◆ Your assignment: Please retype exactly the lines from the one containing "Cute White Kitten" through the end of the records, leaving out the pictures.

◆ Data records:
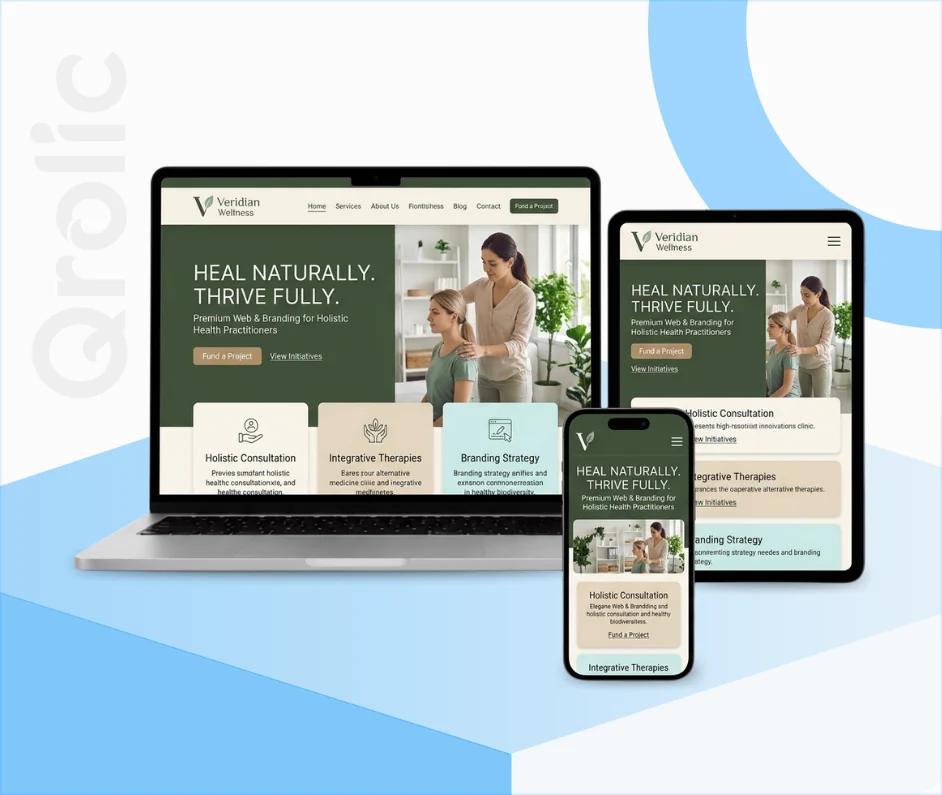 Alternative medicine website design and development services showing a calming holistic practice website
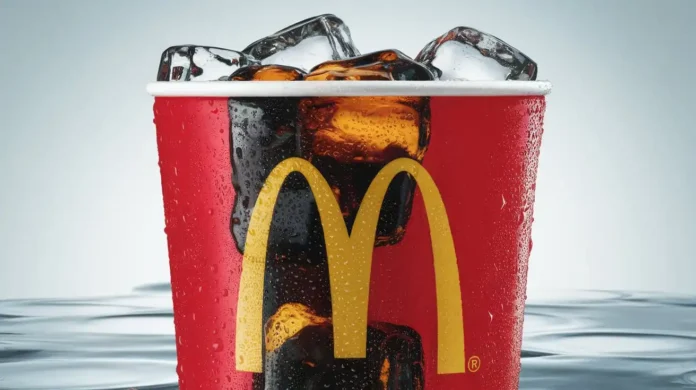 McDonald's iconic red cup filled with Diet Coke and ice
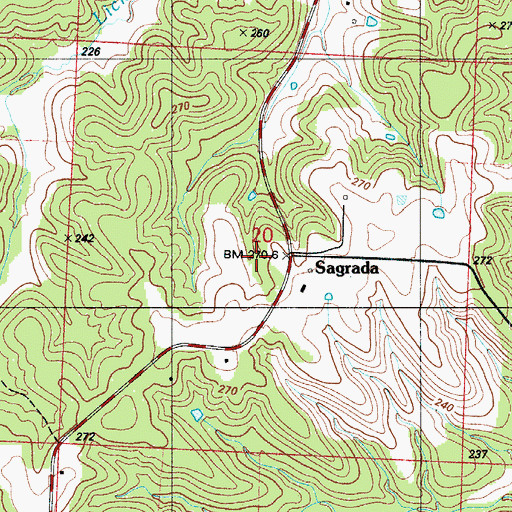 Topographic Map of Sagrada, MO
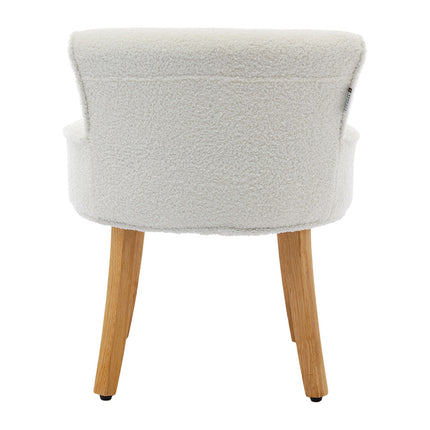 Teddy Fleece Dressing Table Stool with Solid Wood Legs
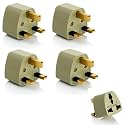 Hi-Plasst (Pack of 4) India to UK Plug Adapter Type-G Converter - Universal Travel Adapter for UK, UAE, Singapore, Hong Kong, Ireland, Kenya, Dubai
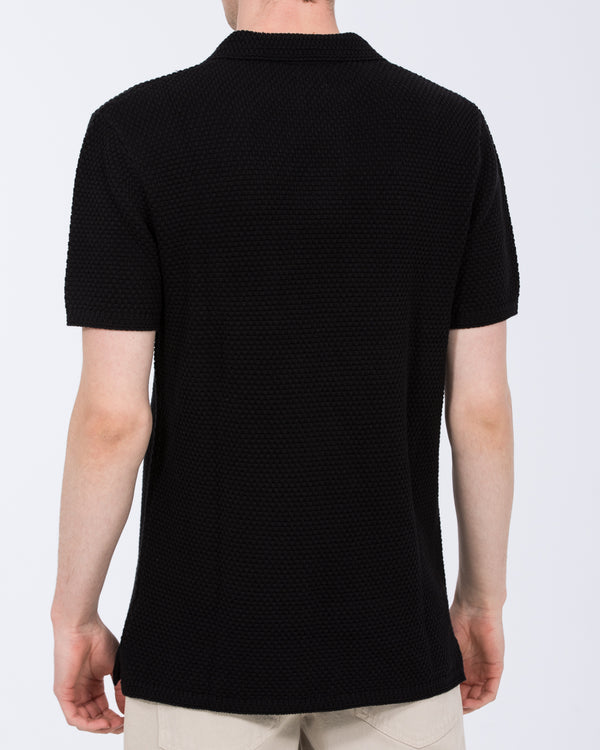2t Nova Tall Open Knit Polo (black)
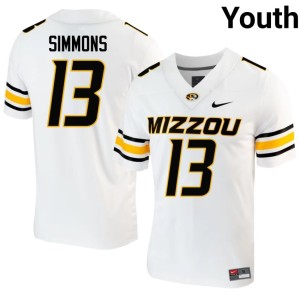 Youth Missouri Tigers White #13 Game Austin Simmons Jersey 824067-885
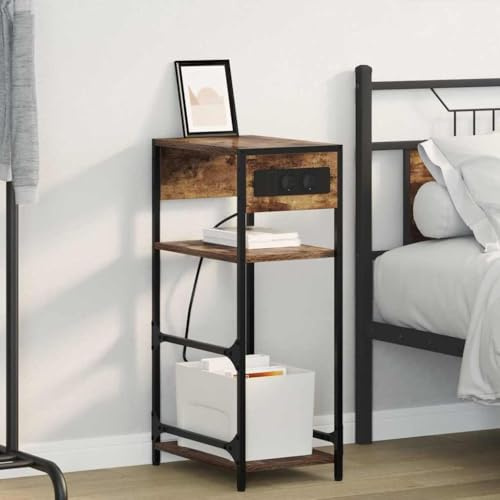 Mimdixy Armoire pour téléphone - Table de chevet - Chêne fumé - 40 x 27 x 76 cm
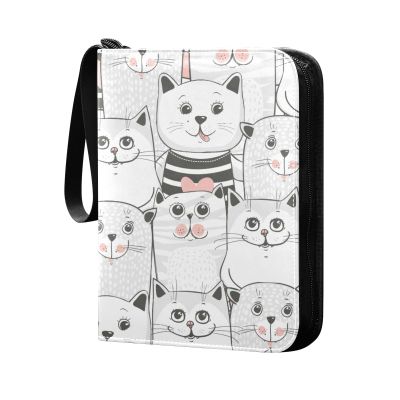 Cute White Kitten Cartoon Baseball Card Album, Trading Card Binder with Double-Sided Removable Sleeves
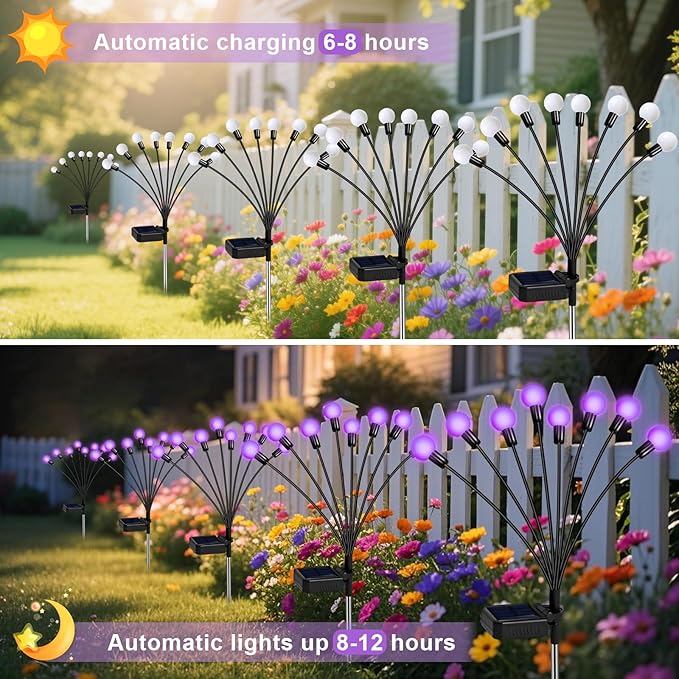 Solar Firefly Lights - 6 Pack 36 LEDs, Purple, Waterproof, Outdoor Garden Decor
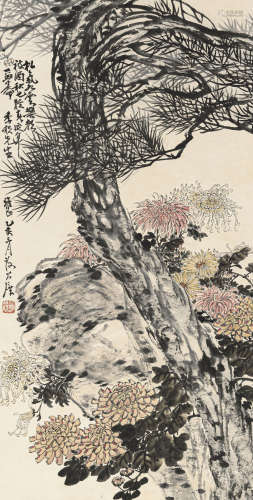 谢公展 乙亥（1935） 松菊图 设色纸本 立轴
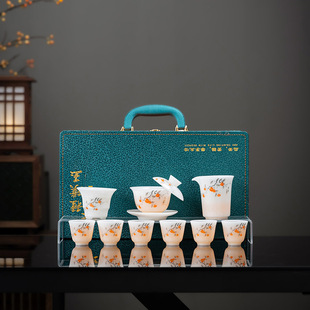 璞玉白瓷茶具套装简约悬停功夫盖碗泡茶杯年会商务轻奢送客户礼品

◆ Response area:
 Cute White Kitten Cartoon Baseball Card Album, Trading Card Binder with Double-Sided Removable Sleeves
 Solar Firefly Lights - 6 Pack 36 LEDs, Purple, Waterproof, Outdoor Garden Decor
 谢公展 乙亥（1935） 松菊图 设色纸本 立轴
 璞玉白瓷茶具套装简约悬停功夫盖碗泡茶杯年会商务轻奢送客户礼品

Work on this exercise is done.